**TASK STATEMENT**
No line before the one containing "Elegant Gold Bracelet with Warm Shine Finish" is to be output; retype exactly that line and all lines that follow it to the end of the records.

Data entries
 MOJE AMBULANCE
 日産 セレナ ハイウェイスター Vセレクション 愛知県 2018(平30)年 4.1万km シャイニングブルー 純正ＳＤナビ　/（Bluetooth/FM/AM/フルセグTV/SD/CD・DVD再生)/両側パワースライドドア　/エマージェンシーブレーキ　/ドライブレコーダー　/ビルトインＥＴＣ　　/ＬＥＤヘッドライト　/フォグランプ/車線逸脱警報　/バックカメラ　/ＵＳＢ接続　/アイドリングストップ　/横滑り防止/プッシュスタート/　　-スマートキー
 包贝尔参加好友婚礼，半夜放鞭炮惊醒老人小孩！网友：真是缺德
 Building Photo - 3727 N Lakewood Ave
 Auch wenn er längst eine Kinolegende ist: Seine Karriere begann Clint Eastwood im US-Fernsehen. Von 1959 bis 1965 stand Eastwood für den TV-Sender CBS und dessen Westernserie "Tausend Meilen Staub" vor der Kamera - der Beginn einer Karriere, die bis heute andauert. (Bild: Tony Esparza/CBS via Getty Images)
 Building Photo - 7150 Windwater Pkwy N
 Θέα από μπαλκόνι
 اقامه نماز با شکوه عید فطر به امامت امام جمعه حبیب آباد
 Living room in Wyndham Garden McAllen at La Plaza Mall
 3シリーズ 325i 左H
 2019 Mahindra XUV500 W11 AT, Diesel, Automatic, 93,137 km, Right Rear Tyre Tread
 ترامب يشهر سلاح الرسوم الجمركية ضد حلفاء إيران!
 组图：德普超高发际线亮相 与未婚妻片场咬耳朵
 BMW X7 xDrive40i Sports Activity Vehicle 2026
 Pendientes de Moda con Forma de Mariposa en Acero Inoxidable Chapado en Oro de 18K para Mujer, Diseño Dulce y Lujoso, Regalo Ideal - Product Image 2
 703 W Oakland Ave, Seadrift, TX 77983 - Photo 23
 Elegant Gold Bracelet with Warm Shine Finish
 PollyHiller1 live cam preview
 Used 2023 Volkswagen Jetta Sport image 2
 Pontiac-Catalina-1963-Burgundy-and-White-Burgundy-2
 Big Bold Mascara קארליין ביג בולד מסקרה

**OUTPUT OF THE TASK**
 Elegant Gold Bracelet with Warm Shine Finish
 PollyHiller1 live cam preview
 Used 2023 Volkswagen Jetta Sport image 2
 Pontiac-Catalina-1963-Burgundy-and-White-Burgundy-2
 Big Bold Mascara קארליין ביג בולד מסקרה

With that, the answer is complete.